Full synopsis: “When a new Ghostface killer emerges in the quiet town where Sidney has built a new life, her darkest fears are realized as her daughter becomes the next target. Determined to protect her family, Sidney must face the horrors of her past to put an end to the bloodshed once and for all.”

Shudder has shared the poster for Reflection in a Dead Diamond (Reflet dans un diamant mort, 2025), the latest film from Hélène Cattet and Bruno Forzani, directors of Let the Corpses Tan (Laissez bronzer les cadavres, 2017). After screening at Berlinale, Tribeca and Fantasia, this “stylish spy thriller” heads to Shudder on December 5.

Synopsis: “When the mysterious woman in the room next door disappears, a debonair 70-year-old ex-spy living in a luxury hotel on the Côte d’Azur is confronted by the demons and darlings of a lurid past in which moviemaking, memories and madness collide.”

The audiovisual market Ventana Sur (December 1-5 in Buenos Aires) revealed the genre projects that were selected for their 2025 Fantastic! Lab: Gisberg José Bermúdez’s Alijuna (Venezuela), Javier Suazo Mejía’s The Fire Within (Honduras), Rafael Toledo’s Shallow Hell (Brazil), Emiliano Mazza De Luca’s The Healer’s Blood (Uruguay), Gonzalo Iglesias’ The Mukis (Peru), Alejandra Lipoma’s Lugoland (Mexico), Tamae Garateguy’s Match (Brazil), Julia Sofía Vega’s I Need to Be Loved (Argentina), Óscar Adán Díaz’s I’ll Keep My Mouth Shut (Colombia), Francisco Pavanetto’s Peek a Boo (Argentina), Ignacio Sesma and Ignacio Cucucovich’s Piacere (Argentina), Jean-Philippe Bouix’s Vautours (Belgium), and Paul Urkijo’s The Escape (Spain).

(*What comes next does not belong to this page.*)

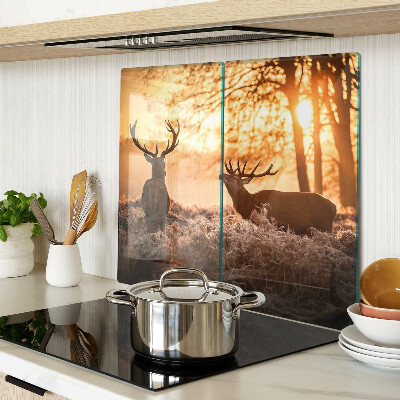 Planche à découper verre Cerf dans la forêt au coucher du soleil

Filmmaker and musician Rob Zombie presented his first art exhibition – What Lurks on Channel X? – at the Morrison Gallery in Kent, Connecticut. Zombie’s pantings are described as a “colorful collision of pop culture iconography,” inspired by “a childhood of nonstop TV watching.” The gallery will be open to the public until November 16.

The animated space opera comedy Lesbian Space Princess (2024) follows the titular character in her “intergalactic space quest” to save her ex-girlfriend. It’ll screen at the 2025 Mórbido Fest on November 8. A few days later, on November 18, it’s getting a digital release in the U.S. thanks to Cineverse (trailer here).